Location
- 130 West Browning Street Mineral Springs, Arkansas 71851 United States

District information
- Grades: PK–12
- Accreditations: Arkansas Department of Education AdvancED
- Schools: 4
- NCES District ID: 0509780

Students and staff
- Students: 527
- Teachers: 55.29 (on FTE basis)
- Staff: 113.29 (on FTE basis)
- Student–teacher ratio: 9.53
- District mascot: Hornet
- Colors: Green Vegas Gold

Other information
- Website: www.msisd.net

= Mineral Springs Saratoga School District =

School district in Arkansas

Mineral Springs Saratoga School District is a public school district based in Mineral Springs, Arkansas, United States. The school district encompasses 203.23 mi2 of land, including portions of Hempstead County and Howard County serving communities such as Mineral Springs, Saratoga, Lockesburg, Tollette, Nashville, Fulton, Washington, Ozan, McNab.

The district proves comprehensive education for more than 500 pre-kindergarten through grade 12 students while employing more than 110 teachers and staff. The district and its four schools are accredited by the Arkansas Department of Education (ADE) and AdvancED (formerly North Central Association).

==History==
The district formed on July 1, 2004 as a result of consolidation of the Mineral Springs School District and Saratoga (Special) School District. In 1966 the two districts absorbed portions of the Howard County Training School District.
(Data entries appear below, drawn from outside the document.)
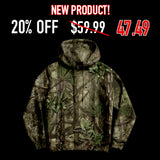 FL Camo Hammock Classic Hoodie Sweatshirt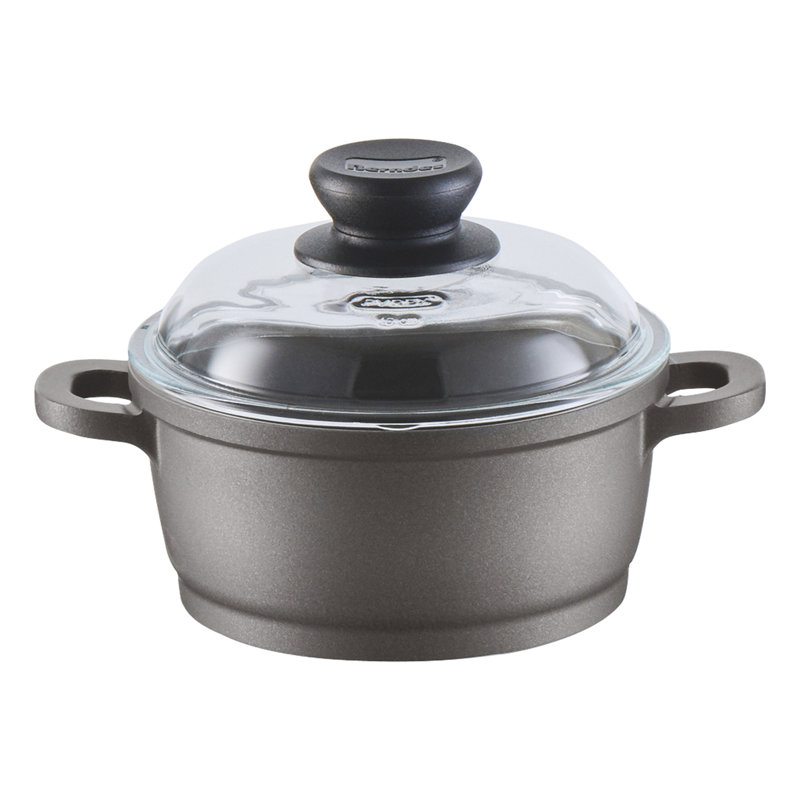 Berndes Bonanza Non-Stick Aluminum Standard Pot, 16cm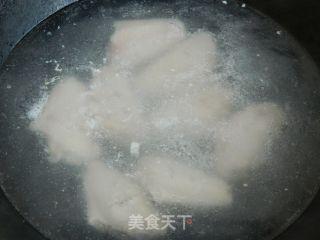 可乐鸡翅的做法步骤：2
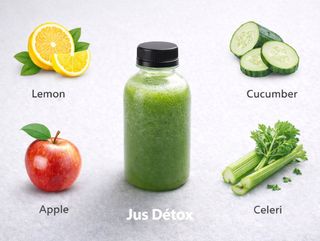 Jus Le Detox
On September 14, 2012, the school board voted to immediately close the Saratoga High School when it was discovered it did not offer the required 38 courses that all Arkansas high schools must provide.

== Schools ==
- Secondary schools
- Mineral Springs High School, located in Mineral Springs, Howard County, and serving more than 150 students in grades 7 through 12.
- Saratoga High School, located in Saratoga, Hempstead County; closed in fall 2012.
- Elementary schools
- Mineral Springs Elementary School, serving more than 200 students in pre-kindergarten through grade 6.
- Saratoga Elementary School, serving more than 100 students in pre-kindergarten through grade 6.